Vagarosamente, meu irmão me fez deitar, sem tirar a pica de mim, e ficando entre minhas pernas, fez suceder as estocadas se intensificarem, e o som da pica indo e vindo dentro da vagina molhada, era uma deliciosa música para nossos ouvidos. Por quase vinte minutos os pau socou minha boceta com vigor total, me fazendo gozar muito. Quando ele ficou inerte me encarando, eu não estava mesmo esperando pelo que veio a seguir:
__Dá o cu para mim?
O olhei, entre extasiada e encabulada com o pedido, que vindo dele soava como uma heresia, mas que para mim era um desafio, pois sua pica era grossa e fora dos padrões que eu já tinha enfrentado. Não disse nada, apenas me coloquei de quatro e fiquei na expectativa. Gustavo, separou minhas nádegas e levou a boca até meu cu e o chupou. Gritei, pois adorava uma bela linguada no fiofó, depois se posicionou atrás de mim, levou a pica até minha xoxota e o melou com meu mel, depois levou a mesma até meu cu e foi forçando e quando um pedaço começou a separar minhas pregas, uma dor aguda começou a tomar conta do meu ânus e eu passei a gemer, mas não recuei o rabo da pica, que foi entrando e eu crispando os dedos sobre o encosto do sofá onde eu me apoiava. Mordi o lábio inferior, quase até sangrar e não pude evitar que um grito escapasse, quando ele empurrou tudo para dentro do meu cu. Estava suando, com o cu ardendo, mas, pasme, feliz por estar recebendo no rabo a pica do meu irmão.

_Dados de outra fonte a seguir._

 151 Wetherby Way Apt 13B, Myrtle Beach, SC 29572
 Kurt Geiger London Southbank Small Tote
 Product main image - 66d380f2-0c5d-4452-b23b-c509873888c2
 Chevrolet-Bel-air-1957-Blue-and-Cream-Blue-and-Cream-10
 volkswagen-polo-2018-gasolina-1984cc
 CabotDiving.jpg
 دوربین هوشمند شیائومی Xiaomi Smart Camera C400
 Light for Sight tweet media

__Minha querida...como teu cu é delicioso...aperta ele, aperta...
__Ai...ai...não consigo...é grosso...não dá...Humm..Hummm...

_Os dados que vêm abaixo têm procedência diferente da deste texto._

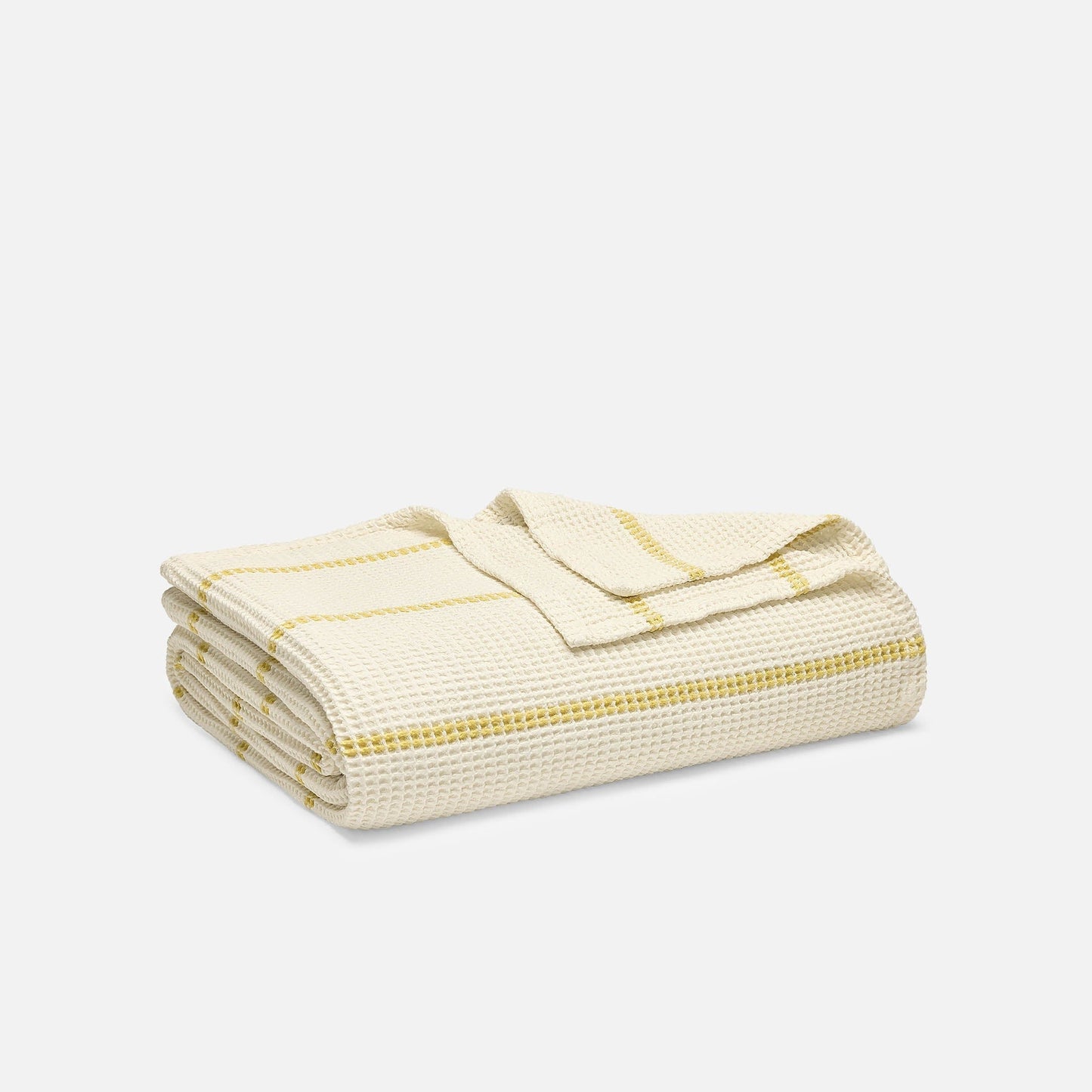 Dreamweave Waffle Bed Blanket - Last Call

__Como é lindo a ver nessa posição, com essa bunda toda empinada... caralho como você é gostosa menina..sente a minha rola...sente como esta pulsando no te rabo...

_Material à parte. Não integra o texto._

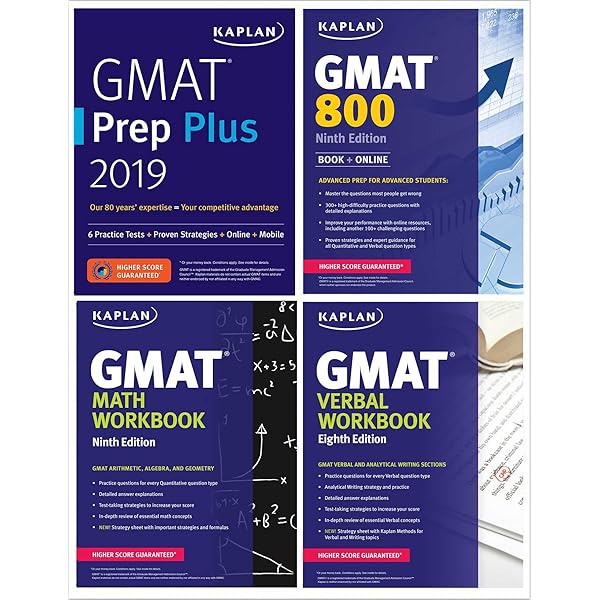 Kaplan GMAT 800%ｶﾝﾏ% 2006-2007 Kaplan GMAT Verbal Workbook (Kaplan Test Prep): Kaplan Test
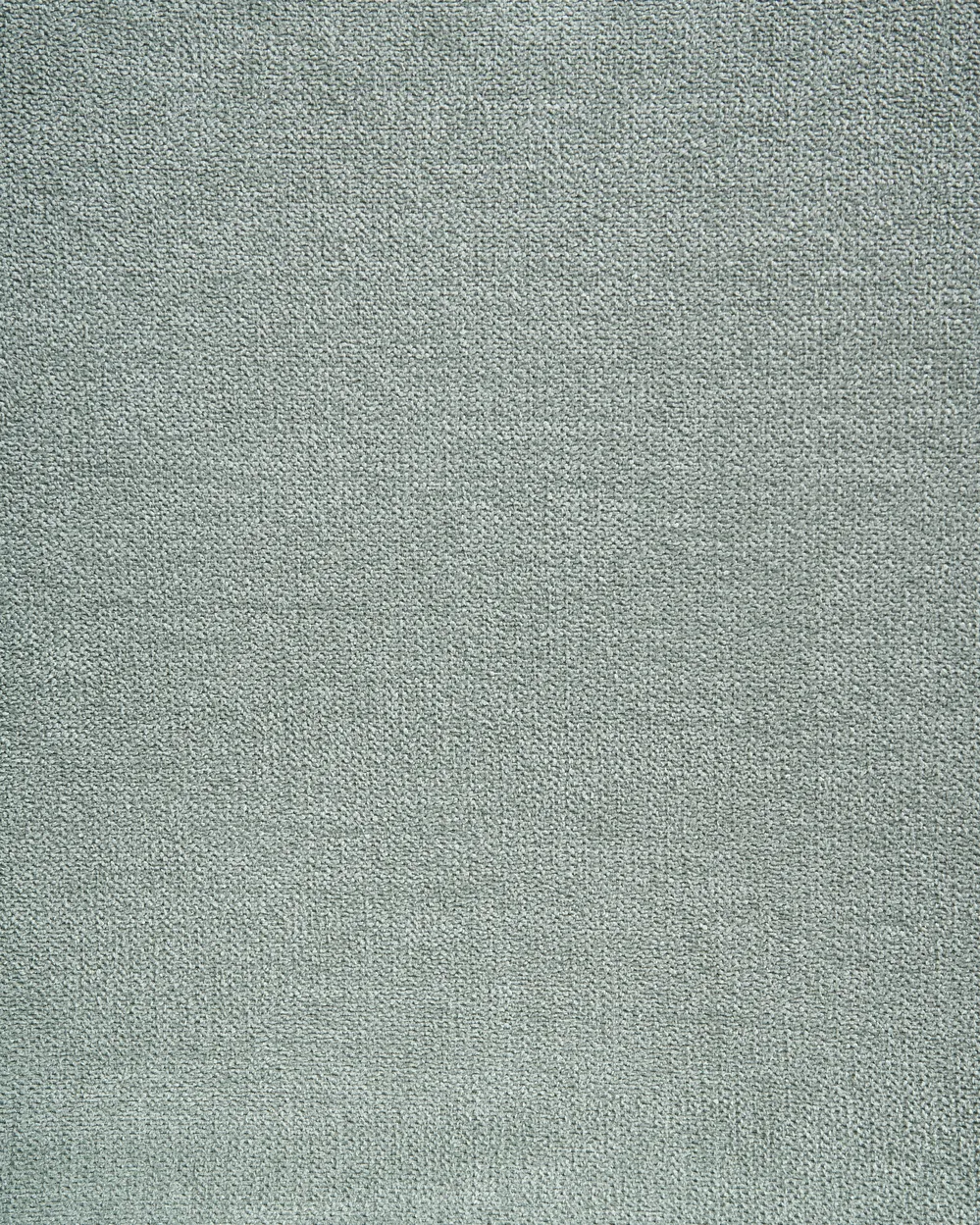 Set di 4 sedie da pranzo CRANDALL Tessuto Verde chiaro_999600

__Ai...ai...como dói, mas...estou amando e gozando...vai...soca meu amor, soca no cu da tua irmãzinha...ai...ai...ui... A... ahhhhh...
Que pica...me rasga meu amor...AAAAAAAAHHHH...
O suor escorria de nossos corpos e deixava-nos mais vulneráveis, sem condição de segurar o que sentíamos. Aos poucos o meu cu foi laceando e o pau já não me causava trauma como no inicio, apenas me dava muito prazer e gozos sucessivos. Quando Gustavo teve seu membro engrossado mais que o normal, deu um grito selvagem e gozou fartamente dentro do meu cu e eu o acompanhei em seu gozo caudaloso, encerrando o nosso primeiro encontro sexual, mas não o ultimo.